I searched the first $million$ primes $p$. The complete table of record $P(n)$ with at least $14$ consecutive $n$ in the range $n = -5 \to 60\,$ yielding primes are in the table below.

$$\begin{array}{|c|c|c|c|} \hline \text{#} & P(n)=an^2+bn+c & d = b^2-4ac & h(d) & Prime\; range\; n &Total\,(T)\\ 1& 4n^2-2n+41 &\color{red}{-163} & 1&-19 \to 20& 40\\ 2& 4n^2-2n+3527 &\color{blue}{-14107} & 11&-2 \to 20& 23\\ 3& 4n^2+2n+21377 &\color{red}{-85507} & 22&47 \to 64& 18\\ 4& 4n^2-2n+9281 &\color{red}{-37123} & 17& 0 \to 16& 17\\ 5& 4n^2-2n+17 &\color{blue}{-67} & 1&-7 \to 8&16\\ 6& 4n^2+2n+41201&\color{red}{-164803} & 32& 52 \to 66& 15\\ 7& 4n^2+2n+12821&-51283& 21& 8 \to 21& 14\\ 8& 4n^2-2n+3461 &\color{red}{-13843} & 10&34 \to 47&14\\ 9& 4n^2-2n+1277 &\color{blue}{-5107} & 7&19 \to 32&14\\ \hline \end{array}$$

If the discriminant $d$ in red, then it the largest $|d|$ of a class number $h(d)$. If it is in blue, then is one of the $3$ largest $|d|$ of that class.

For example, using #3, if you have an Ulam spiral with center $c=21377$, then in its main diagonal there are $18$ primes in a row.
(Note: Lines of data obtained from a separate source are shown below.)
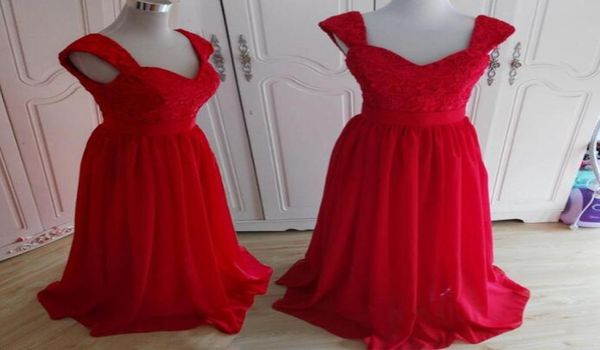 new arrival two shoulders lace and chiffon aline long prom pageant bridesmaid dresses1312184, White;red
new arrival two shoulders lace and chiffon aline long prom pageant bridesmaid dresses1312184, White;red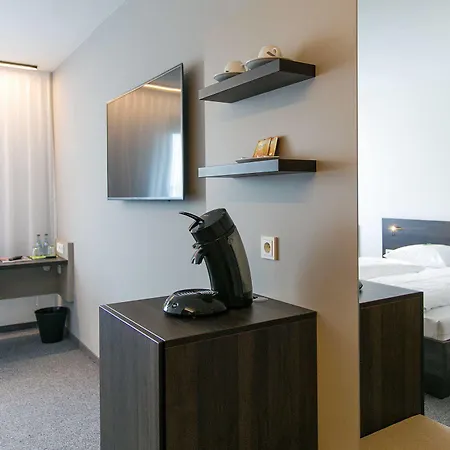 Ξενοδοχείο Centro Park Stuttgart, Trademark Collection By Wyndham Όστφιλντερν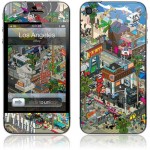 Gelaskins for the iPhone 4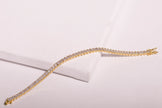 LUXE Tennis Bracelet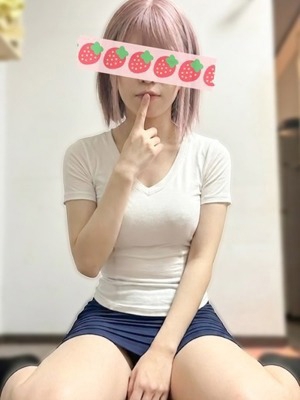 なるプロフィール写真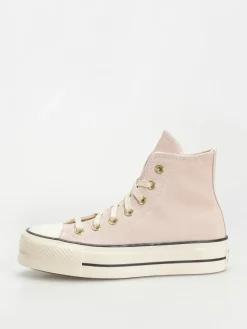 Converse Chuck Taylor All Star Lift Hi Wmn Chucks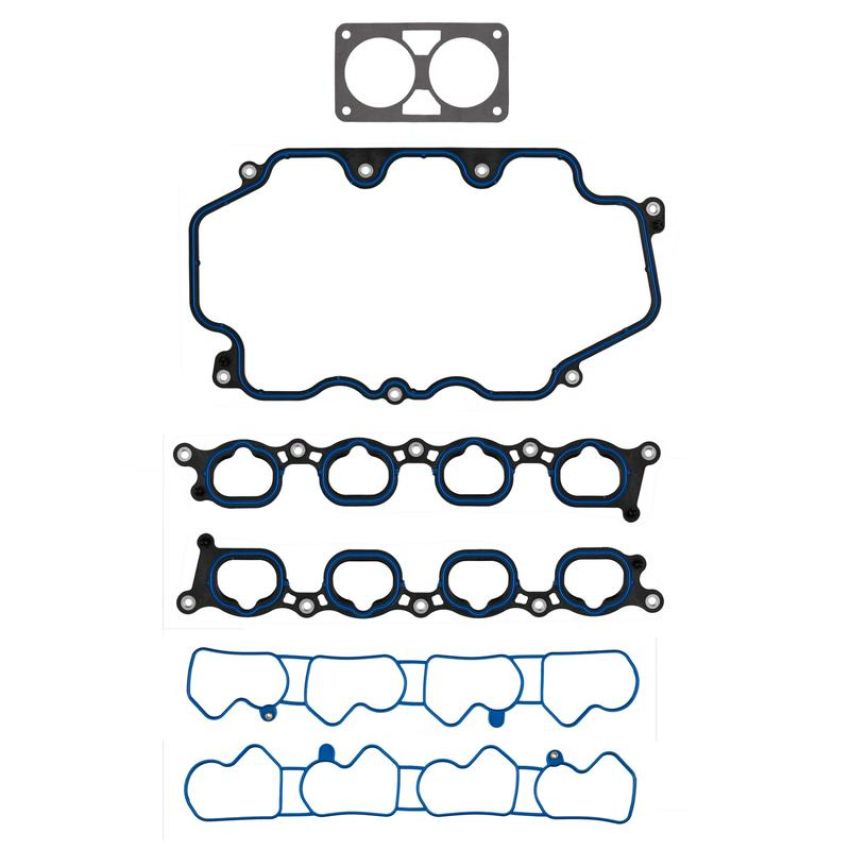 FEL PRO GASKETS MS 96139 Engine Intake Manifold Gasket Set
It involves $d = -85507$ which is the largest $|d|$ with $h(d) = 22$.

P.S. Considering that the millionth prime is $p(10^6) = 15485863$, it seems odd there are no large $p$ found within the search radius. However, I only searched $n = -5\to 60$, so another choice of range might yield other $P(n)$.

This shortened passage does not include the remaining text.